For the independent counter-read on whether these Mythos-class cyber gains are overhyped, the same lens applies here as to Anthropic: see Epoch AI’s Cyber-ECI analysis (exploit-development jumps are real; vulnerability-discovery gains are easy to overstate).

  • claude-fable-5-mythos-5 — Anthropic’s Mythos-class flagship (50) and the direct frontier-tier comparison anchor; also the source of the topic-gated Opus 4.8 fallback this piece parallels.
  • claude-sonnet-5 — Anthropic’s mid-tier (15 std) that ties Terra on output; the “route down a tier” neighbor on the Claude side.
  • glm-5-series-zai — open-weight value frontier (~4.40) that undercuts even Luna; the price-floor competitor.
  • gemini-cli — Google’s competing frontier-model CLI surface; the third major closed-vendor agentic stack.
  • fable-5-mythos-5-federal-shutdown — the mirror-image US-government frontier-model gate on Anthropic; context for GPT-5.6’s ~20-org preview restriction.
  • terminal-bench — the agentic benchmark backdrop where GPT-5.x and Claude trade the lead.
  • epoch-mythos-cyber-capabilities-overhyped — independent cyber-capability read; the counter-lens for Sol’s ExploitBench claims.

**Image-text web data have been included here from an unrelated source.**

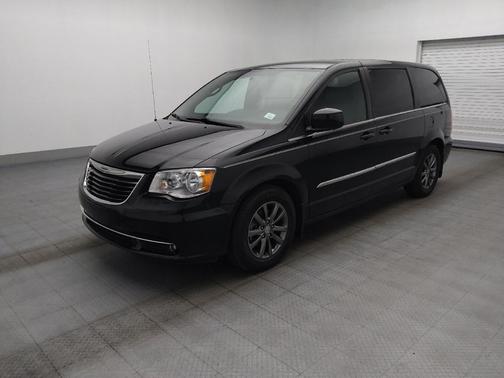 Brilliant Black Crystal Pearlcoat 2014 Chrysler Town & Country S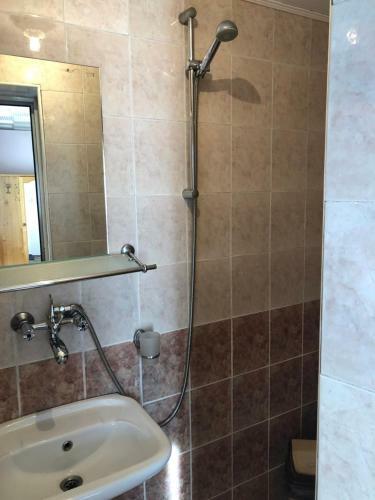 Hostal Andreevi Guest House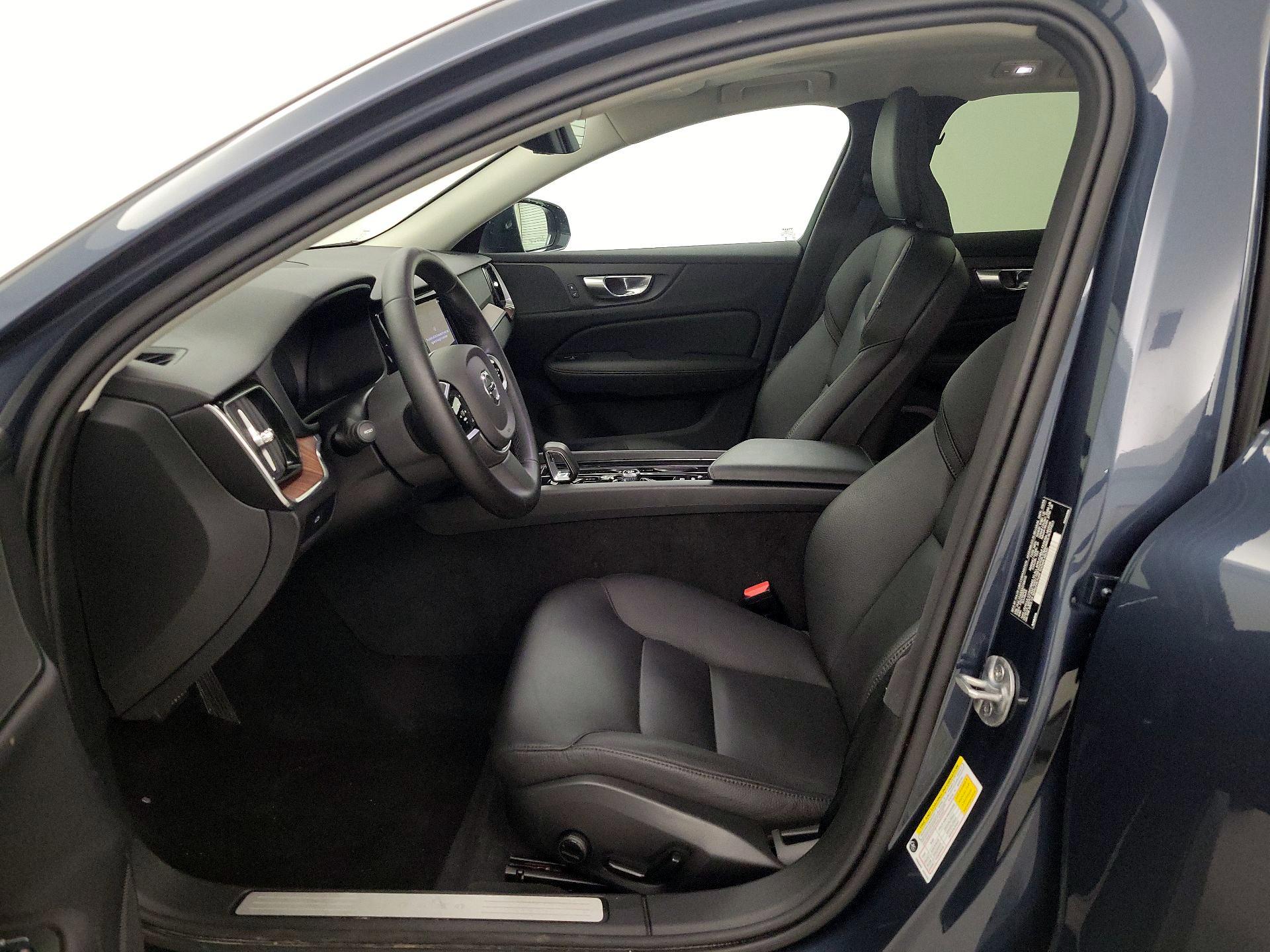 Thumbnail: 2025 Volvo S60 - 11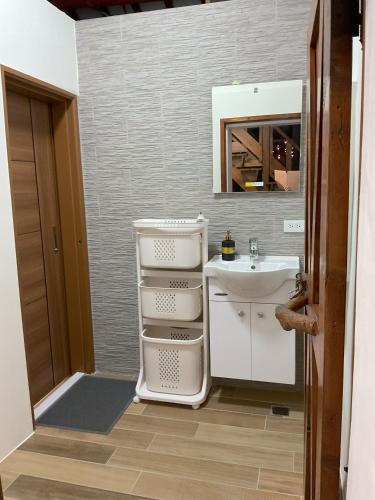 Un baño de 內之島旅宿 House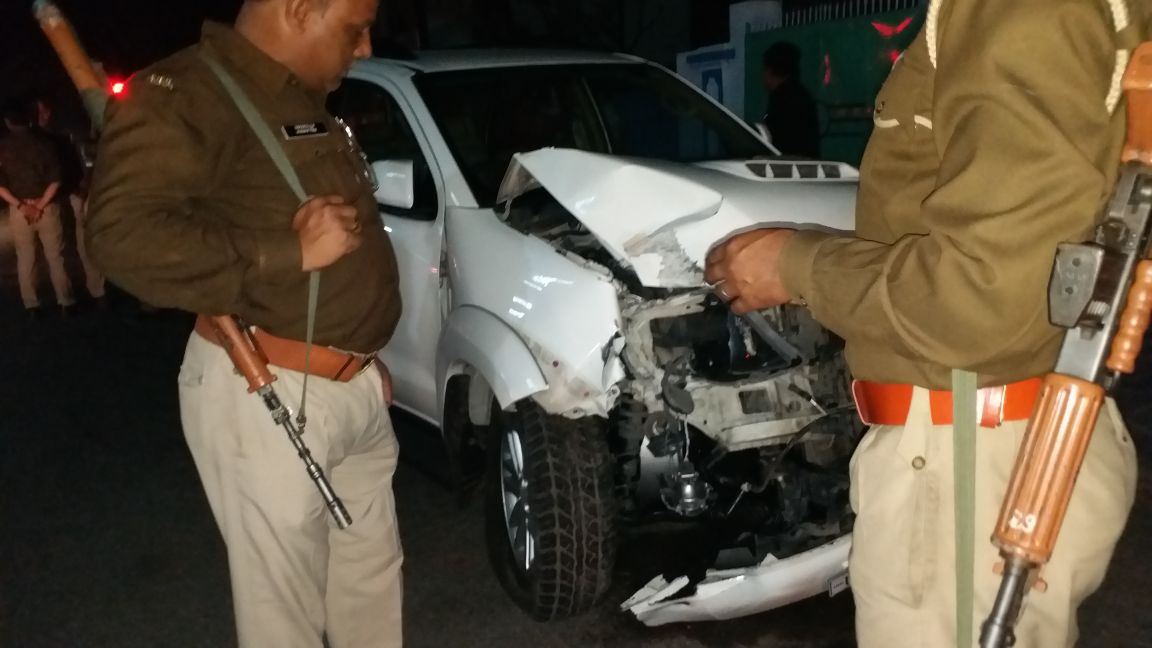 खन्ना हुंडई शोरूम के सामने नशेबाज़ कार सवार युवकों ने खम्बे में टक्कर मारी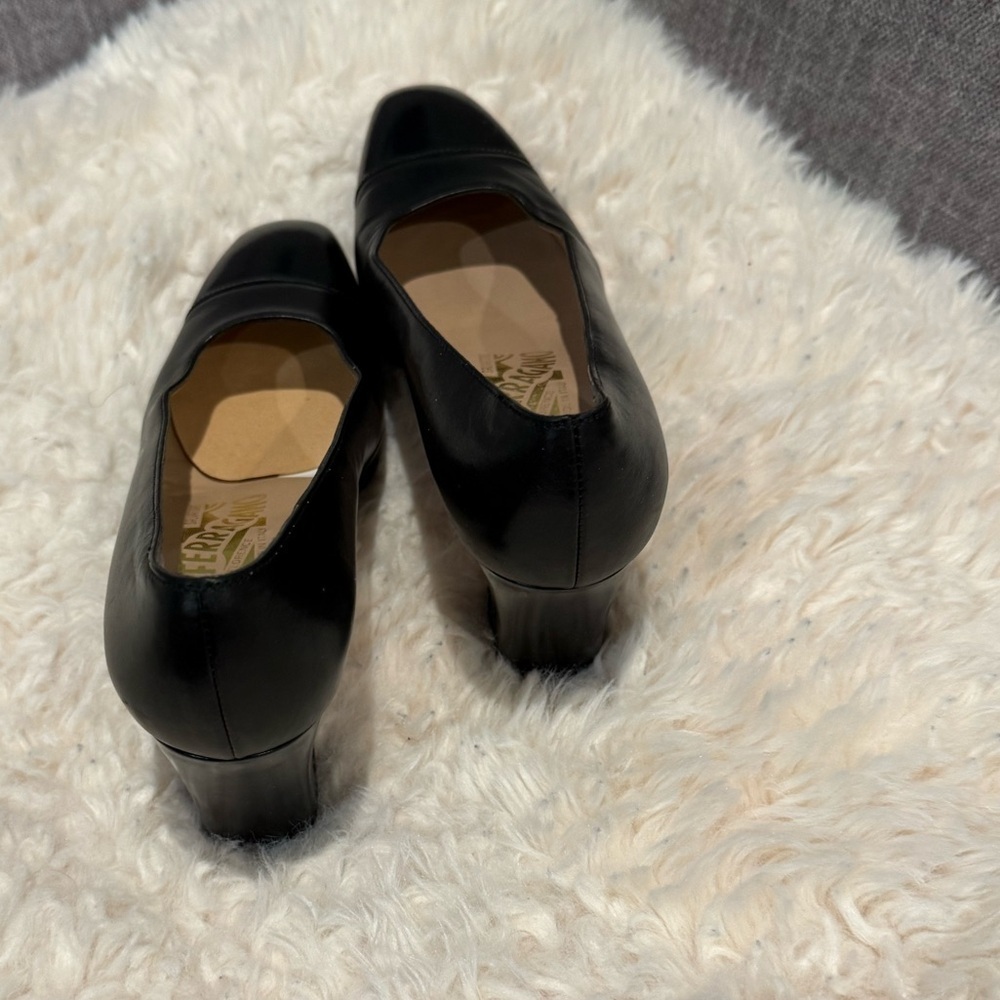 Salvatore Ferragamo Black Leather Heels - Picture 4 of 6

  • _index — competitor-model / benchmark tracking topic index.

Open Questions

  • Standalone benchmark numbers. The official-page extract gives cyber framing (ExploitBench/ExploitGym) but no SWE-bench / Terminal-Bench figures; the “Sol Ultra tops Terminal-Bench” and Preparedness ratings are secondary-sourced. Verify against the GPT-5.6 system card when broadly available.
  • Context window. Sol’s 1.5M-token window (up ~43% from GPT-5.5 Pro’s 1.05M) is single-secondary-sourced (Handy AI) — confirm on the official model page. Terra/Luna context not stated.

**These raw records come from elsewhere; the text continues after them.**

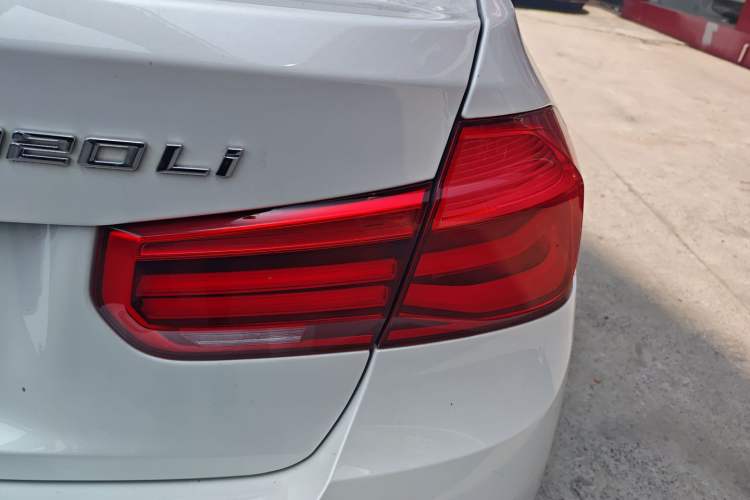 Used BMW 3 Series 2018 320Li Fashion Model Exterior 3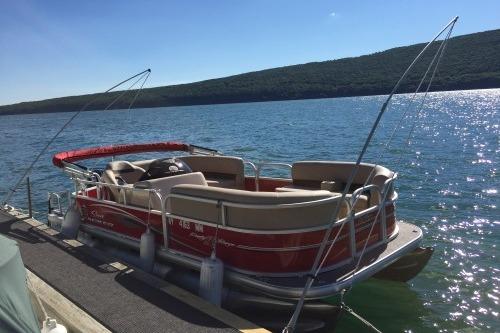 2017 Sun Tracker Party Barge 200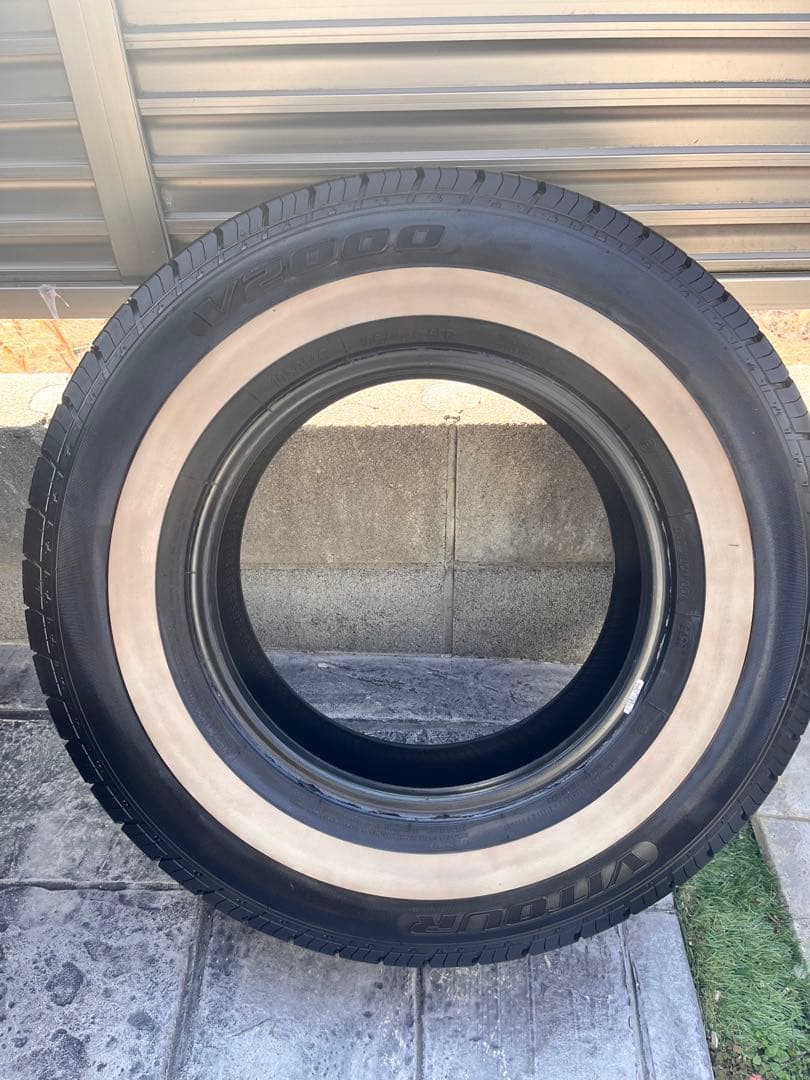 Vitour V2000 195/14C タイヤ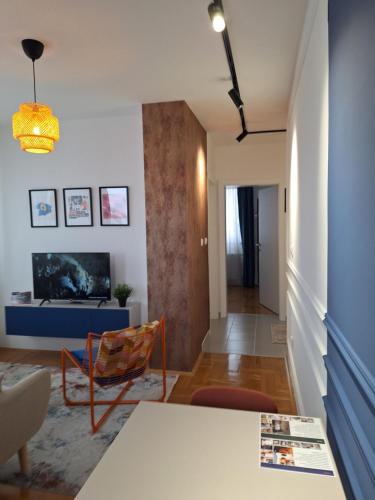 Una televisión o centro de entretenimiento en Azimut art apartman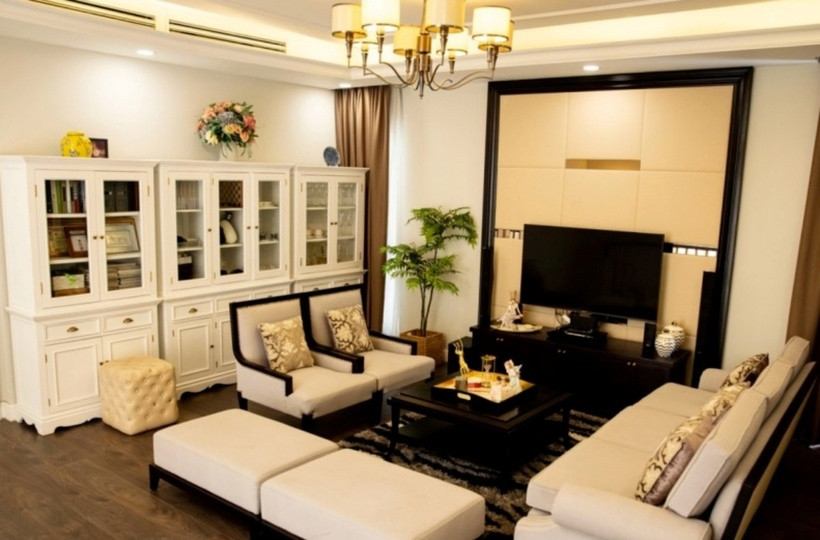 Một không gian được nữ MC dùng để tiếp khách, trao đổi công việc, hội họp.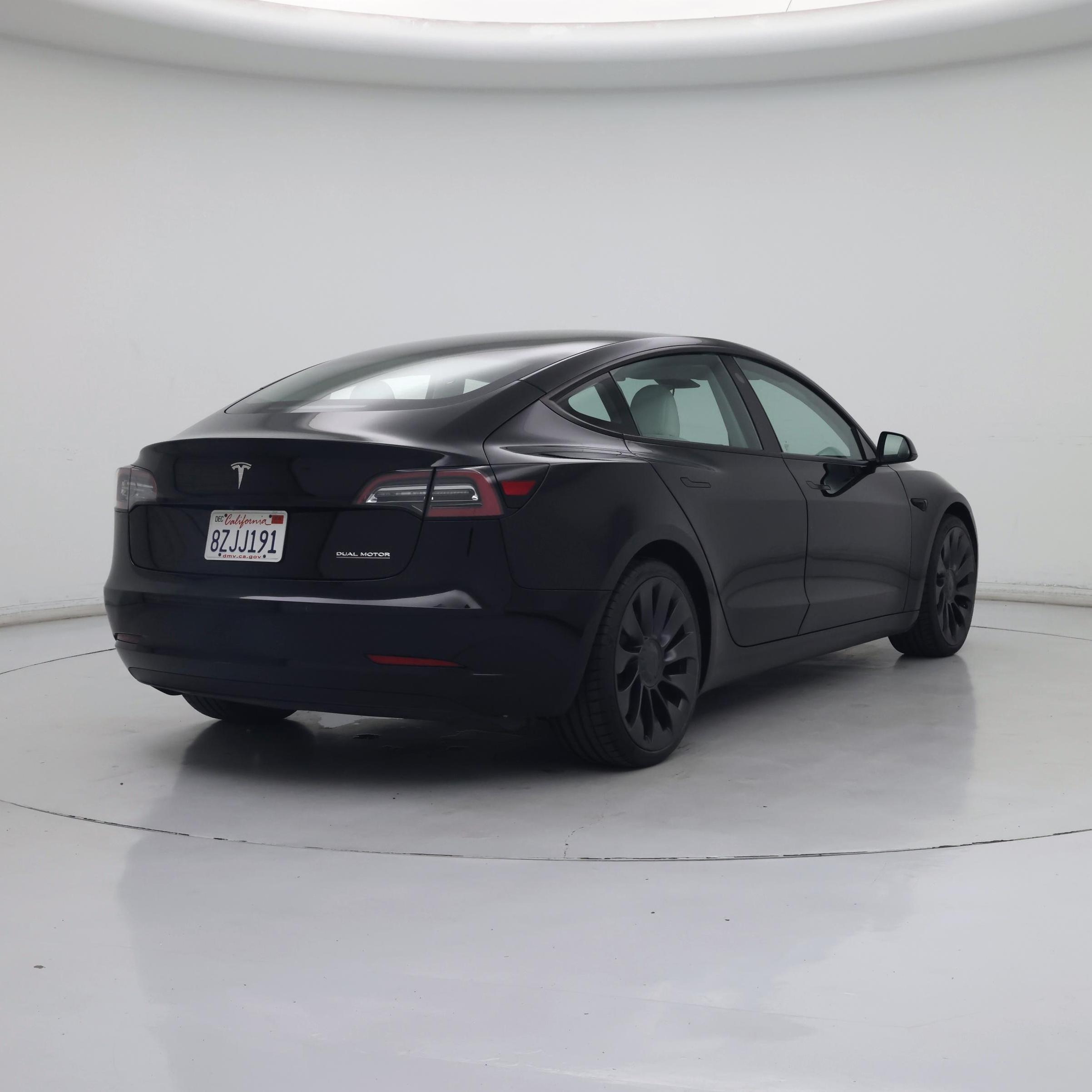 Thumbnail: 2022 Tesla Model 3 - 8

  • Long-context pricing tier. GPT-5.5 bumped input rate past ~272K tokens; GPT-5.6 preview lists a single flat rate per model — whether a long-context surcharge returns at GA is unknown^[secondary: eesel].
  • GA date and ChatGPT availability. Preview is API + Codex only for ~20 US-cleared orgs; no firm broad-availability date.
  • Head-to-head vs Fable 5 on non-cyber tasks. OpenAI’s public comparison is cyber-weighted; coding/agentic parity vs Fable 5 / Opus 4.8 outside the security domain is not yet established from primary sources.